Rolling AP Upgrades with Cisco Prime Infrastructure 3.3

Cisco Prime Infrastructure 3.3 was released on November 22, 2017, and this new version brings a few notable feature improvements. The feature I’m most excited about is called “Rolling AP Upgrade.” Rolling AP Upgrade allows you to select groups of access points to upgrade in succession, while leaving other access points online, to serve clients during the upgrade. Once the first group of APs is upgraded and back online, it will move on to the next group of APs. The idea is that you will manually group the APs so that other nearby APs can cover the clients while APs are being upgraded. This process can work well enough that clients may not realize the network is being upgraded. However, very sensitive applications may notice a delay as the client roams between APs. I was able to document the process for this article, while connected wirelessly, without ever losing my network connection. Since I am using Adrian Granados’ “Wifi Signal” app on my Macbook, I was able to see each time my connection roamed to another AP.

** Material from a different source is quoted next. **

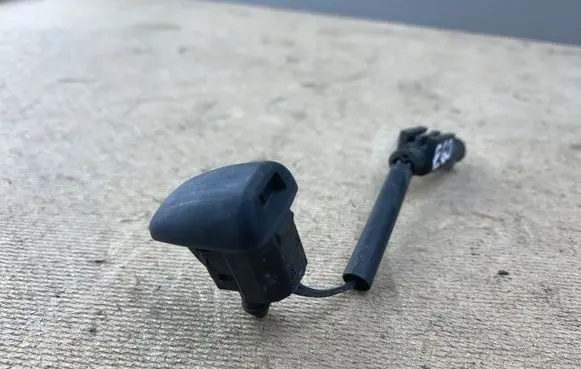 BMW 5 E60 E61 Windshield washer spray nozzle 7046060 7132969 61667046060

Many of us that have managed large Cisco Wireless deployments have performed this process manually, in order to minimize the downtime during an upgrade. Prime is essentially performing all of those steps automatically. There isn’t any “magic” to this solution, but it is awesome to be able to just sit back and enjoy the show. It’s a big improvement from the days of having to monitor the status of all of the APs manually, at each step in the process!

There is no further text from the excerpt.